Young Latino Students Don’t See Themselves in Books, according to the New York Times. Hispanic students make up nearly a quarter of public school students, but only a small fraction of characters in books for elementary students.
The main characters in the most popular books are white with African-American, Asian or Hispanic characters more likely to appear in supporting roles.
“Kids do have a different kind of connection when they see a character that looks like them or they experience a plot or a theme that relates to something they’ve experienced in their lives,” said Jane Fleming, an assistant professor at the Erikson Institute, a graduate school in early childhood development in Chicago.
She and Sandy Ruvalcaba Carrillo, an elementary school teacher in Chicago who works with students who speak languages other than English at home, reviewed 250 book series aimed at second to fourth graders and found just two that featured a Latino main character.
The Cooperative Children’s Book Center at the University of Wisconsin-Madison School of Education, which compiles statistics about the race of authors and characters in children’s books published each year, found that in 2011, just over 3 percent of the 3,400 books reviewed were written by or about Latinos, a proportion that has not changed much in a decade.
Common Core State Standards’ list of suggested books for early elementary students contains black characters and authors, but few Latinos. More will be added, said Susan Pimentel, one of the lead writers. “We are determined to make this right.”
“Research on a direct link between cultural relevance in books and reading achievement at young ages is so far scant,” reports the Times. I think that means there is no evidence. But that doesn’t stop academics from worrying that kids will feel alienated “if all they read is Judy Blume or characters in the Magic Treehouse series who are white and go on adventures.” (What about white kids who don’t have a magic treehouse that provides adventures?)
At Bayard Taylor Elementary in Philadelphia, a school where three-quarters of the students are Latino, Kimberly Blake, a third-grade bilingual teacher, said she struggles to find books about Latino children that are “about normal, everyday people.” The few that are available tend to focus on stereotypes of migrant workers or on special holidays. “Our students look the way they look every single day of the year,” Ms. Blake said, “not just on Cinco de Mayo or Puerto Rican Day.”
On a recent morning, Ms. Blake read from “Amelia’s Road” by Linda Jacobs Altman, about a daughter of migrant workers. Of all the children sitting cross-legged on the rug, only Mario said that his mother had worked on farms.
However, a book that colors every fourth child brown may be accused of tokenism.
As a reading tutor, I see a lot of books for young children that feature animals — especially cats, bats and rats. They sit on mats and try on hats. Humans are named Nan, Fran, Pam, Sam, Tam, Tim and Sim. It’s not a rich cultural milieu for children of any background. I can tell you what little girls of all colors and creeds long to read: the Pinkalicious series. Sadly, my kids can only handle “tan” and “red.”
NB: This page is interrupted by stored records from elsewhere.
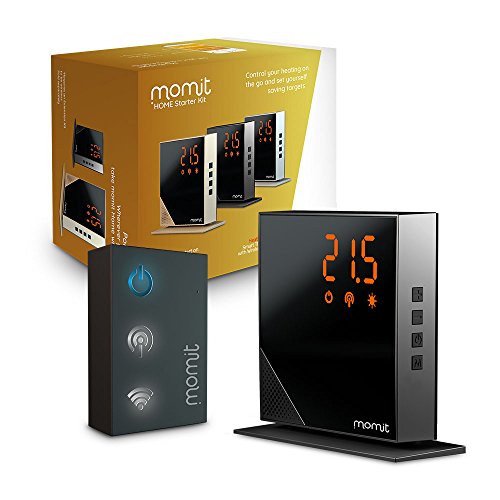 Preisvergleich Produktbild momit bmhtpv2eu Smart Thermostat für Heizung Version 2, schwarz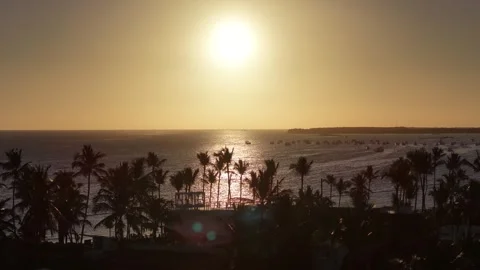 Sunrise Beach In Bavaro In Punta Cana Dominican Republic. Stock-Footage 341898472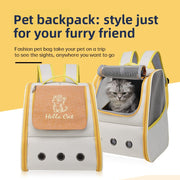 Structured Pet Carrier Backpack with Front Window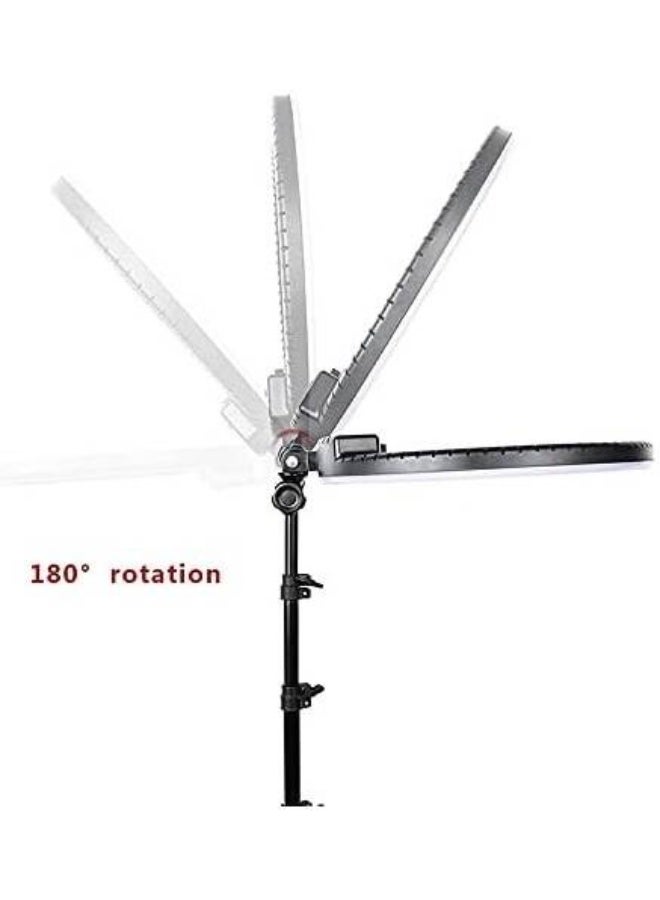 Led RL-18 LED Soft Ring Light, 3200K-5600K Color Temperature, Adjustable Brightness, Three Holders, USB Powered, Remote Included, White | RL18 - Image 2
“A good book is a good book is a good book,” writes author Nikki Grimes in Color Me Perplexed. “The single most important question we should ask when considering a book for our classroom or library shelves is, is the book any good?”
When I was researching Our School (which makes a lovely holiday gift), I saw students from Mexican immigrant families fall in love with Harry Potter books. The kids weren’t British or pale skinned. They weren’t wizards either. They liked the story.